• _WORK TO COMPLETE_
Copy word for word, please, the lines of the entries below running from the one containing "BMW M5 restyling 2020: immagini ufficiali" to the one containing "5FOR $25 WITH", both ends included.

• _DATA PROVIDED_
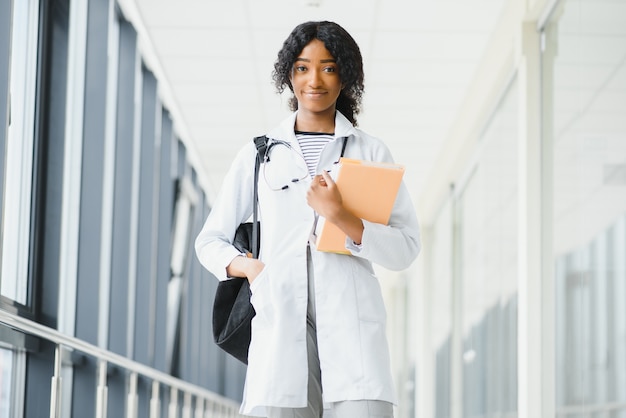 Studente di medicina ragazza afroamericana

---

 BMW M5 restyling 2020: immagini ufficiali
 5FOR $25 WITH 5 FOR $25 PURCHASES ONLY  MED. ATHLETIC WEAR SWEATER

• _ANSWER SPACE_
 BMW M5 restyling 2020: immagini ufficiali
 5FOR $25 WITH 5 FOR $25 PURCHASES ONLY  MED. ATHLETIC WEAR SWEATER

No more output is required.